The problem that I'm experiencing is that the pruned tree really doesn't look much different from the complete tree. Also, the model doesn't do very well in correctly classifying observations in the minority group.

My question is whether my attempt at pruning is really doing anything? What am I missing in this process? I know there are other ways to fix the imbalanced training data, but I'm not sure if that's the problem, or if there is something else causing the issue.

If you are interested in looking at the data, I have made it available at he following URL: http://pastebin.com/qJkCmR6x

In addition, I have included my code below for your review. Please me know if if you have any thoughts on how I could improve the minority classification in this situation.

library(rpart)
library(caret)

# read CSV data into df
df <- read.csv("data.csv")

# set variables type accordingly
df$price <-  as.numeric(df$price)
df$year  <- as.ordered(factor(df$year))
df$condition <- factor(df$condition, levels=c("Used", "Certified pre-owned", "New"), ordered=TRUE)
df$numberofcylinders  <- as.ordered(factor(df$numberofcylinders))
df$transmission_type <- as.factor(df$transmission_type)
df$status <- as.factor(df$status)


## Create training and test data
# figure out 70% sample size
smp_size <- floor(0.70 * nrow(df))

# partition data into train and test
set.seed(123)
train_ind <- sample(seq_len(nrow(df)), size = smp_size)
train <- df[train_ind, ]
test <- df[-train_ind, ]

# upsample training data for equal proportions of 1 and 0
up_train <- upSample(x = train[, -ncol(train)],
                     y = train$status)

## Fit Decision Tree
# grow tree out completely
fit <-rpart(Class ~ price + year + mileage + condition + numberofcylinders + transmission_type,                         
            data = up_train,                   
            method = "class",                     
            parms = list(split = 'information'),
            maxsurrogate = 0,                     
            cp = 0,                              
            minsplit = 5,                                                             
            minbucket = 2,
            xval = 10)

# plot tree
plot(fit, uniform=TRUE, main="Decision Tree to Predict If Car Sold")
text(fit, use.n=TRUE, all=TRUE, cex=.8)

# display the results
printcp(fit)

# detailied summany of splits
summary(fit)

# visualize cross validation results
plotcp(fit)

# determine where to cut the tree
fit$cptable[which.min(fit$cptable[,"xerror"]),"CP"]

# prune the tree to prevent overfitting
pfit<- prune(fit, cp = fit$cptable[which.min(fit$cptable[,"xerror"]),"CP"])


# show results of pruned tree
summary(pfit)

# plot pruned results
plot(fit, uniform=TRUE, main="Pruned Decision Tree to Predict If Car Sold")
text(fit, use.n=TRUE, all=TRUE, cex=.8)

# fit pruned tree to test data
pred = predict(pfit, test, type="class")

# the breakdown of the actual status in the test data
table(test$status)

  0   1 
413  36 

# review predicted vs actual
table(pred, test$status)

pred   0   1
   0 392  30
   1  21   6

# calcaulate accuracy
sum(test$status==pred)/length(pred)

0.88641425389755

Best Answer

Old thread, but I think the "problem" is that your tree is very good, so pruning has no effect.
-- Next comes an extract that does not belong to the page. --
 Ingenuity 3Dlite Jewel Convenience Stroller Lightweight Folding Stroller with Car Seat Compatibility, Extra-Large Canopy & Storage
Pruning means to eliminate leaves that are not increasing the accuracy significantly, i.e. to prevent overfitting. In your plotcp you are plotting the out-of-sample error of the model, computed by rpart through cross-validation: pruning simply removes leaves until you reach the minimum in that plot. The minimum is at cp=0, so there is nothing to prune.

Related Solutions

Decision Tree – How to Train a Decision Tree Against Unbalanced Data?

This is an interesting and very frequent problem in classification - not just in decision trees but in virtually all classification algorithms.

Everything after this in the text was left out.